MILANO – Completato il primo atlante cellulare della malaria: mostra in alta risoluzione quali sono i geni del parassita (plasmodio) che si accendono nelle diverse fasi del suo ciclo vitale, evidenziando tutti i cambiamenti che avvengono durante lo sviluppo all’interno degli organismi ospiti, come l’uomo e la zanzara. Il risultato è pubblicato sulla rivista Science dal britannico Wellcome Sanger Institute e rappresenta uno strumento senza precedenti per mettere a punto nuove armi anti-malaria.

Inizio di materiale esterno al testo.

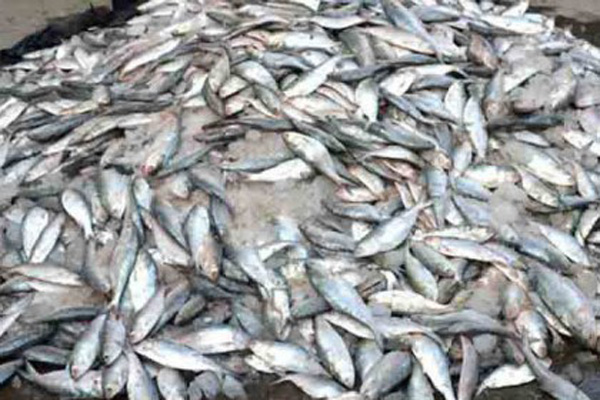 বরিশালে ৩০ মণ জাটকা জব্দ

Per sconfiggere la malattia, che ogni anno colpisce oltre 200 milioni di persone nel mondo uccidendone quasi mezzo milione, “abbiamo bisogno di conoscere tutti i trucchi che il parassita usa nel suo ciclo vitale”, spiega la coordinatrice dello studio, Mara Lawniczak. “L’atlante cellulare della malaria è la prima mappa dettagliata che ci mostra quanto i parassiti siano diversi uno dall’altro, anche quando sono geneticamente identici”. Per ottenerla, i ricercatori hanno isolato e misurato l’attività genetica di quasi 1.800 parassiti in dieci diverse fasi dello sviluppo. Sono così riusciti a individuare quali geni sono attivi durante tutto il ciclo vitale e quali sono cruciali solo in alcune fasi, intuendo anche la funzione di quel 40% dei geni del parassita che risulta ancora sconosciuto. Così sarà più facile trovare i talloni d’Achille su cui puntare per lo sviluppo di nuovi farmaci.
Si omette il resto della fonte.